By John Unzima
West Nile-Tuberculosis patients require a non-stop taking of drugs and injections. No skipping of the swallowing tablets is allowed.
This requires commitment, patience and a moment of having faith to heal. But this comes with pain when the disease has become resistant to drugs. This makes some to lose hope and wail in pain as they have continued to face the wrath of isolation and trauma in communities.
After 24 months of taking tablets and injections the expert clients are taking on the fight against multidrug-resistant Tuberculosis (MDR-TB) in west Nile.
All recounting broken family ties and harsh isolation the expert clients say their fight against Tuberculosis is informed by the pain and agony they had experienced firsthand.
John Lonyi 43, father of nine says he has dedicated much of his time to fight Tuberculosis because he has already known the cost Tuberculosis has inflicted on him and his family.

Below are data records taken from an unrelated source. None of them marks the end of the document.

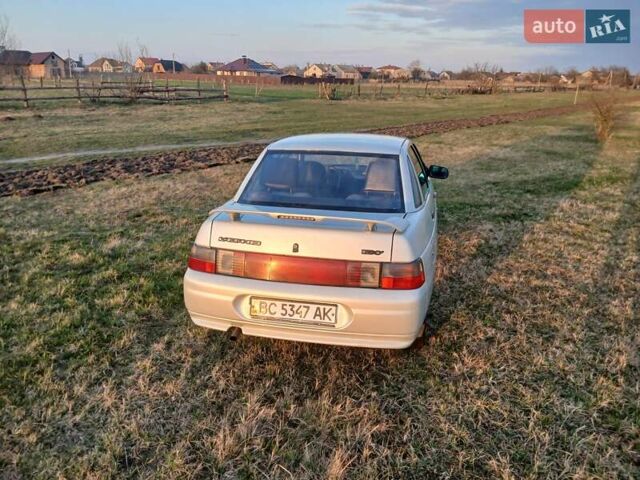 Сірий ВАЗ 2110, об'ємом двигуна 1.5 л та пробігом 115 тис. км за 1500 $, фото 5 на Automoto.ua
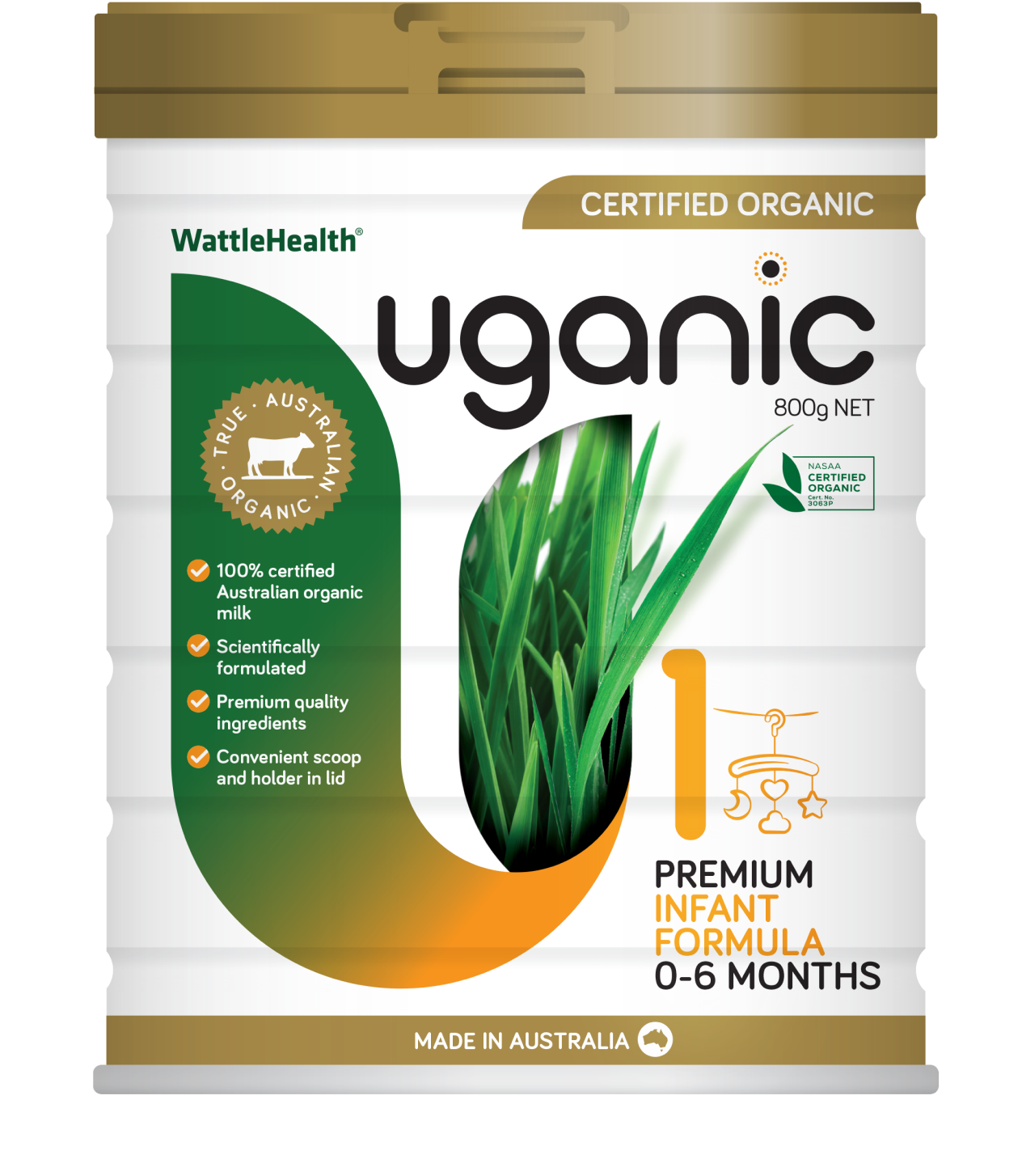 uganic tin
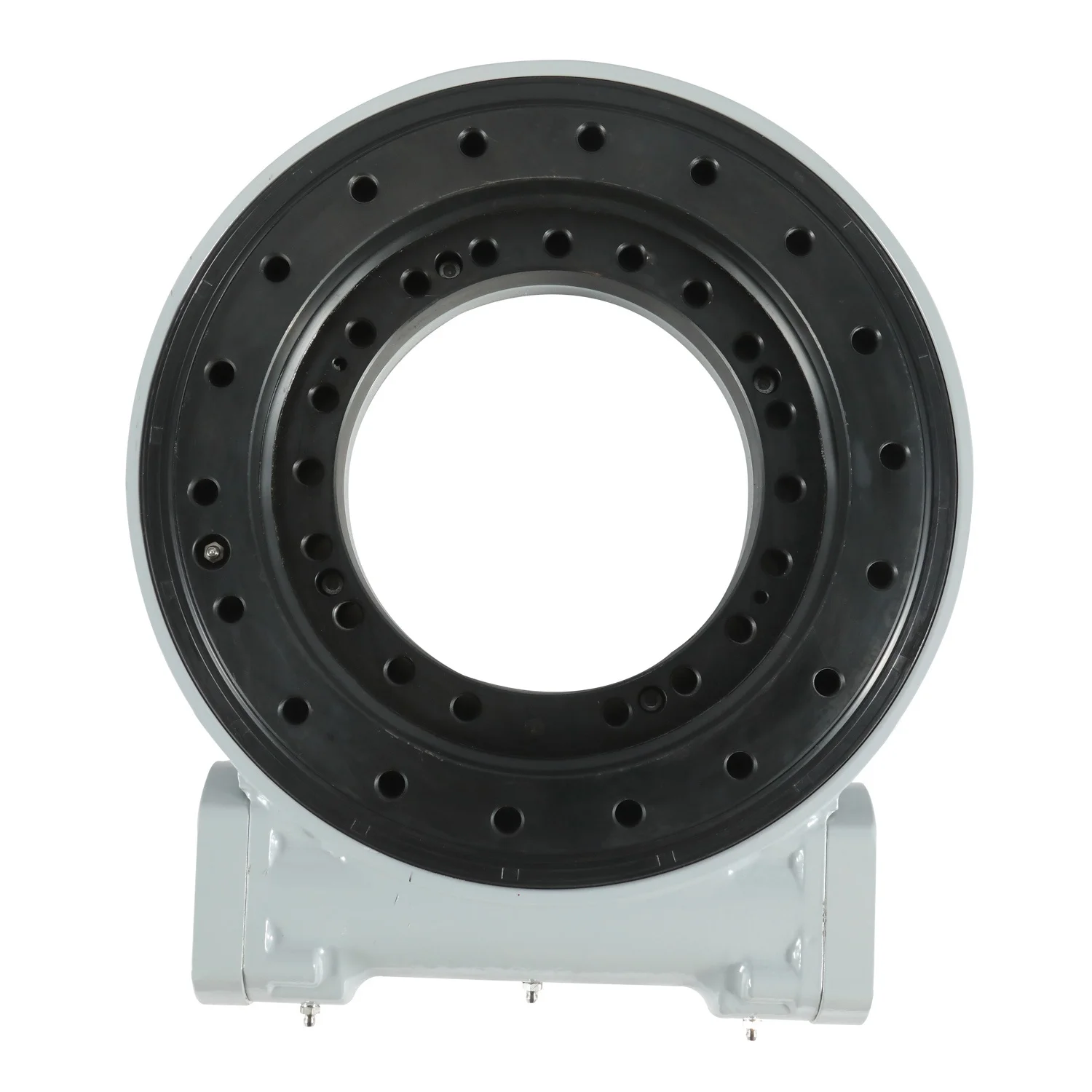 

14 Inch Worm Slewing Gearbox with ODM Support Customized for Excavator & Crane WH14-84-RH-250A-REV.A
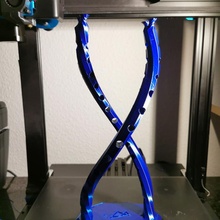 ADN porte plume jardin stylo Pomme conception supporter degré géométrie base 180 fineliner applepen 3d print model - Mito3D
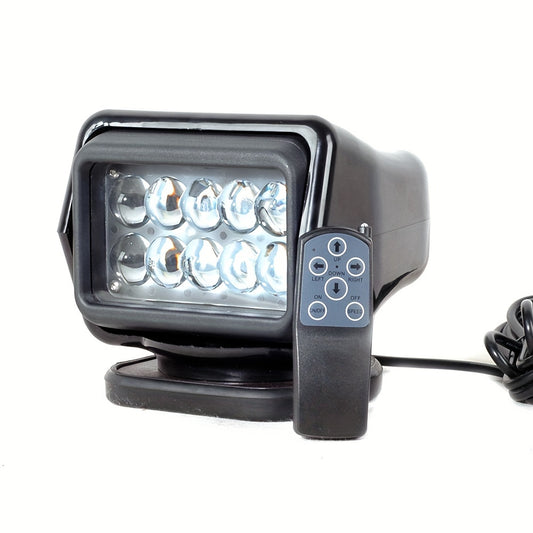Led Search Light with Remote Control for Offroad Adventures - Parry's Picks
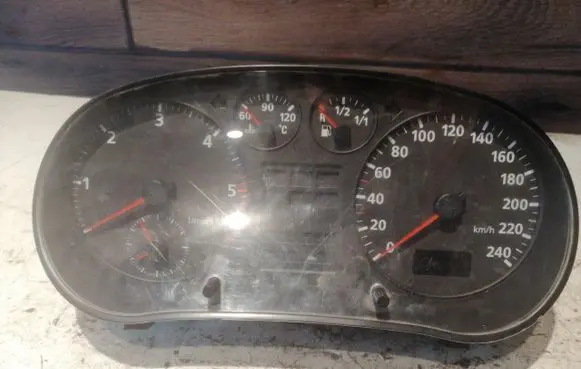 Audi A3 S3 8L Speedometer (instrument cluster) 8LO919860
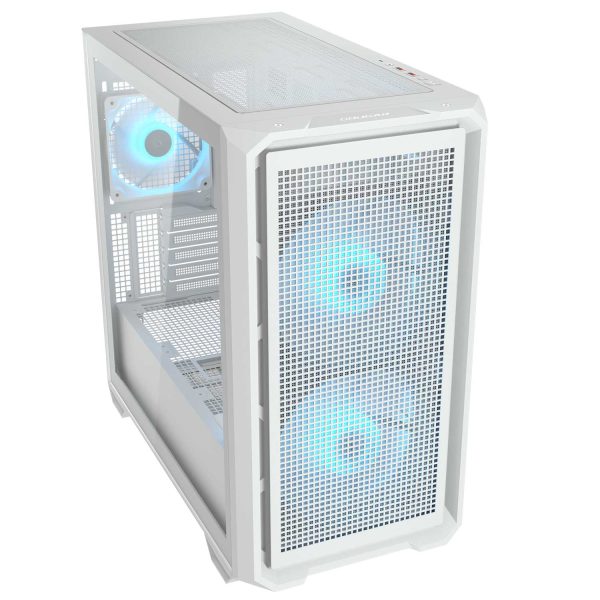 Gabinete Cougar Mx600 Rgb White
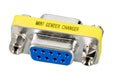 EAN 4049759052294 - EFB Elektronik D-Sub 9 F/F D-Sub 9-pin Metálico, Amarillo imagen 1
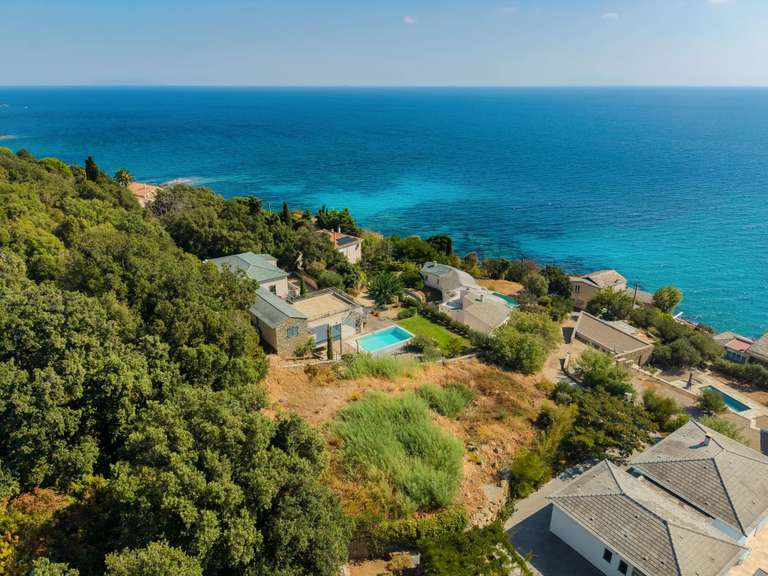 Terrain avec Vue sur mer Erbalunga - 1259m²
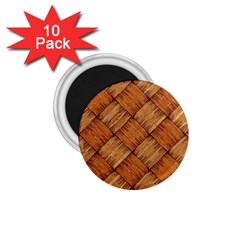 Vector Square Texture Pattern 1 75  Magnets (10 Pack)  by BangZart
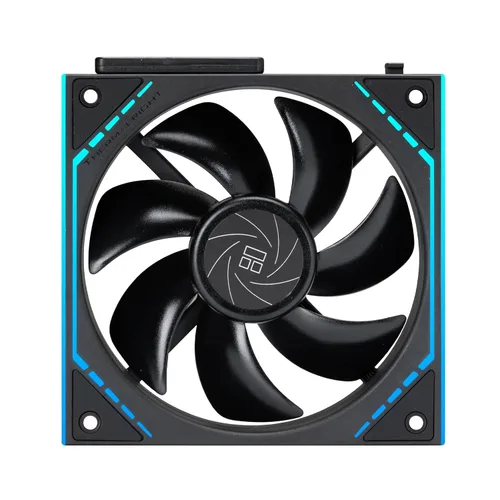 Miniatura 6 de Thermalright TL-M12QR - Ventiladores de caja inversa de 4.724 in, 1500 RPM, 47.6 CFM, 1 paquete Flujo de aire inverso, cadena margarita PWM/ARGB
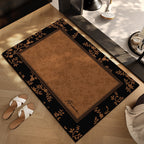 Checkerboard Patterned Entryway Mat | Kelmera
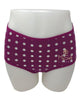 Gemsli 3320 Metallic Dot Cotton Briefs 3 Pack myselflingerie.com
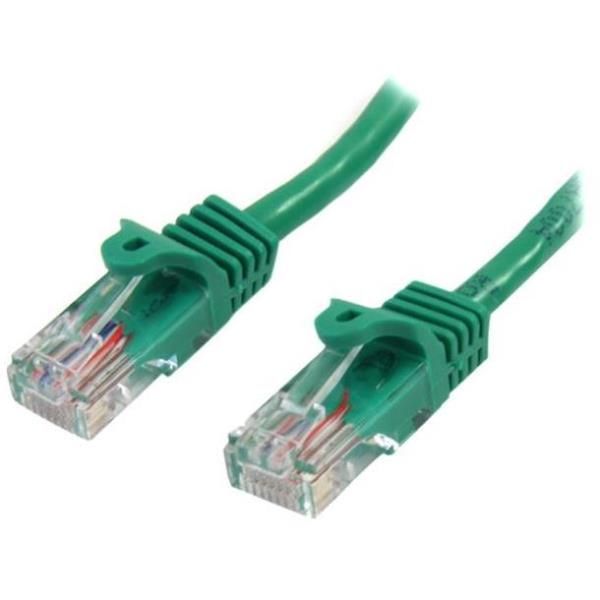 StarTech.com Cavo di rete CAT 5e - Cavo Patch Ethernet RJ45 UTP Verde da 2m ant…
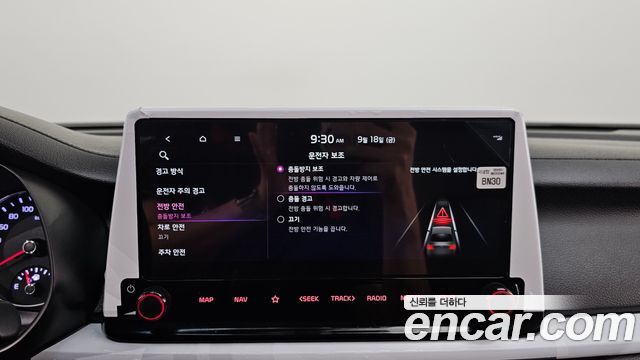 Kia K3 2024 — photo 23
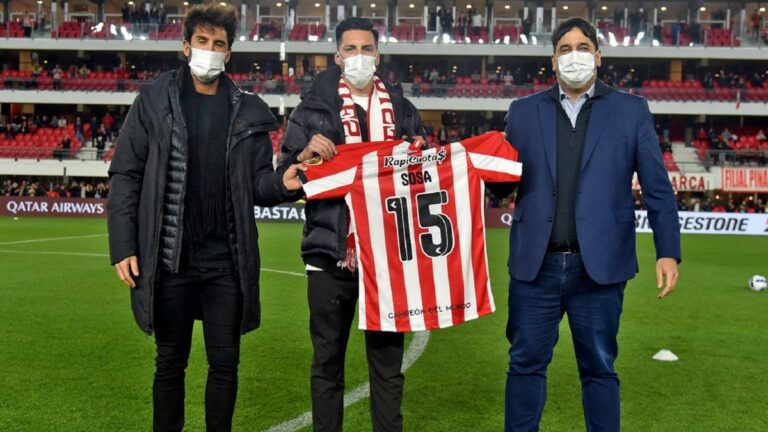 Estudiantes: debuta José Sosa en UNO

“It was not easy, it was really hard, and I had to sell my only bull at Shillings 700,000 that time. It is because I want to live for more years and take care of my children,” Lonyi said.
Lonyi tested positive in 2012 and was declared cured in 2014. He has since enrolled as an expert client and a role model to others in dispensing service at Adjumani hospital.
“My work is to ensure that clients comply with medication as prescribed. I continue to give clients hope and this makes their lives improve,” Lonyi said.
Another expert client, Harriet Opideni 38, at Arua regional referral hospital said she has taken on the fight against MDR- TB as a national service.
“Because we tell our own experience they (new clients found with TB) listen to us more than Doctors,” Opideni added.
Opideni said the fight against Tuberculosis should take the way government fought Polio.
In Arua, a TB patient, Mr Draga Salim, said a person who develops TB is regarded a social out caste in most communities. He added that the families of TB patients tend to keep their problems under wraps and do not discuss them with their peers in the community.
“It is hard to disclose to friends because if you do so, they will run away and nick-name you. Thus TB remains a ‘personal issue’ rather than a community problem,” he said.
Who is an expert Client?
According to Dr Godfrey Manga Adjumani district Assistant DHO, an expert client is a person whose adherence to medication is 100 percent at the time of treatment and got cured as result.
“They are very useful in some cases they can be important than doctors because theirs is experience based,” Manga said.
There are five expert clients of MDR-TB and general Tuberculosis in West Nile. They work on voluntary basis.
Tuberculosis (TB) is an infectious disease caused by bacteria whose scientific name is Mycobacterium tuberculosis. It is transmitted primarily from person to person by breathing infected air during close contact.
The number of non-government-organizations (NGOs) working in TB control is also insignificant in the country. And now the society here remains insensitive to the issue and continues to regard TB control, as a government responsibility.
According to Inyani Mane Tuberculosis and Leprosy focal person Adjumani district MDR-TB is becoming the biggest public health concern in the West Nile.
In between January-March 2017, Adjumani district health office alone recorded three cases of MDR-TB compared to four cases recorded in 2016.
“The biggest obstacle for now is medication default other wise 6 out of seven known cases in the district are on medication,” Inyani said.
Inyani says Patients most often complain of pill burden others end up defaulting medication due to side effects associated with the drug.
Besides non-compliance to medication treatment for MDR-TB is very expensive and is only done at Arua Regional hospital donors.
Dr Christine Ondoa, former Health Minister during a visit to the TB ward in Arua. Photos by Felix Okello
Inyani also said they experience stock out TB drugs and transportation of patients to the Regional hospital.
The situation is exacerbated by inability by patients to meet their nutritional requirements a major cause of treatment default.
According to medical personnel, MDR-TB and HIV are closely related and the rate of co-infection in Adjumani district is high. Tuberculosis kills almost 60 percent of people living with HIV/Aids.
USAID-funding project code-named Strengthening Uganda’s System for Treating AIDs Nationally (SUSTAIN) is providing hope in the management of MDR-TB.
Through the project patients are able to get shillings 200,000 monthly for addressing nutritional challenges partly solving non-compliance to treatment.
“The biggest challenge was food while in treatment this intervention has improved response to treatment,” Lonyi added.
By December 2016 Arua regional referral hospital one of the eight MDR-TB support facility in Uganda registered 47 cases second to Mbale that has 73 cases according USAID/SUSTAIN.
Medical experts also say the low literacy rates and low per capita income in rural areas and urban slums adversely affect the treatment seeking behavior of TB patients and their families. The public health systems are unable to bear the entire burden of TB patients and are forced to seek treatment from private doctors.
49 million lives saved through effective diagnosis and treatment from 2000-2015.
480, 000 people developed multidrug-resistant tuberculosis (MDR-TB) in the world in 2015.
100, 000 people with rifampicin-resistant TB also required second line treatment in 2015.
2 billion US dollars per year needed to fill resource gap for implementing existing TB interventions.